While out at the Dolmens I brought with me a disposable camera as an extra piece of equipment to take my photographs on. Using this camera meant that I would not be able to see the outcome of the photographs until I got them developed which was tricky for me as I had one chance with each photograph as I couldn’t delete any and try again.

Over the course of the photoshoot as I used my regular camera I took photographs on the disposable one to have my photographs with a different effect and look.

Some photographs I found that did not work on the digital camera worked better and became useful outcomes on the physical photographs which I will go onto attempt to use in my photo-book, I found some photographs did not work at all which I will not continue to attempt to use however these outcomes from the shooting on the disposable camera were more successful than I first thought they were going to be as I could not see the photographs until they were printed.

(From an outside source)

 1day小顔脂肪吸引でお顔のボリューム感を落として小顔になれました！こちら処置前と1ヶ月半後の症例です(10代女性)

I plan to make some of them digital copies to use.

Invisible Hands Exhibition

The invisible hands exhibition is placed in the Jersey Arts Centre and is a collaborative project between artist Alicja Rogalska and The Morning Boat in order to showcase life as a migrant worker. The aim of the exhibition is to bring light onto the poor conditions for migrant workers on the island for the little that they gain back, the topic is one that is not spoken about often in the island however is something that plays a huge part in the identity of it.

The Agri-Care prize was created during the process of talking to the migrant workers, as they were interviewed they created clay potatoes as a representation for them, potatoes being one of jersey biggest profit gains in farming, while working they decided on how they would pick out a winner for the most authentic clay potato.

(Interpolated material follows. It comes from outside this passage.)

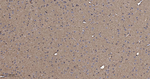 Pan Ras Antibody in Immunohistochemistry (Paraffin) (IHC (P))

Their interviews were filmed without showing their faces and a short film was played, projected on the wall at the exhibition, the lack of faces allowed the workers to remain anonymous, allowing them to speak freely about their work and links back to the title, ‘Invisible Hands’.

The photographs shown and displayed in the exhibition were documented and taken by the workers themselves, this is adding a personal touch to the photographs, though may not all be high quality it is a real, personal and first hand representation of what life is like working for these people.

This exhibition represents and allows the public and other locals to come in and see the side of the farming and agricultural industry in Jersey that they may not normally be known too or shown.

Photobook Specification

Narrative: What is your story?

Describe in:

  • 3 words: Folklore, Reality, Fiction
  • A sentence: Exploring the occupation of folklore tales of a small collective place
  • A paragraph: My phonebook will look to explore the occupation of local myths and folklore tales in Jersey, Channel Islands, ones that play and important part in the islands history as well as tourism. Using tableaux photography I will be exploring the boundaries between fact and fiction, using the factual locations with stage, fictional actions.
Design: Consider the following
  • Format, size, orientation: I am choosing to go with a standard A4 20x25cm portrait orientation, I have chosen portrait as I want the allowance to be able to create impactful double page spreads and portrait orientation works best for this I feel. The standard size means I can keep it not overly large and abnormal, as the context isn’t too normal this allows the book to create a sense of reality and normality juxtaposing its contents.
  • Binding and Cover: I am choosing to use a hardback cover using an image wrap. I feel I can create a larger impact by having a full bleed double page image wrap rather than smaller images or a plain cover. With regards to binding I will have a saddle stitch, hidden by the cover, the simplicity I feel will help to not distract from the narrative
  • Sequencing: I am planning to move from one narrative to another, to do this I plan to use a starting image and keep a steady sequence going of mixing double page spreads and individual smaller photographs.
  • Title: I am looking to make my title something surrounding fantasy, I am thinking of using “A Flight of Imagination” – a different way of talking about fantasy in a way which I feel is more mysterious and intreeging.

Photobook Research

Sugar Paper Theories – Jack Latham

Sugar Paper Theories is Jack Latham’s second major project in response to a notorious unsolved double murder investigation in Iceland.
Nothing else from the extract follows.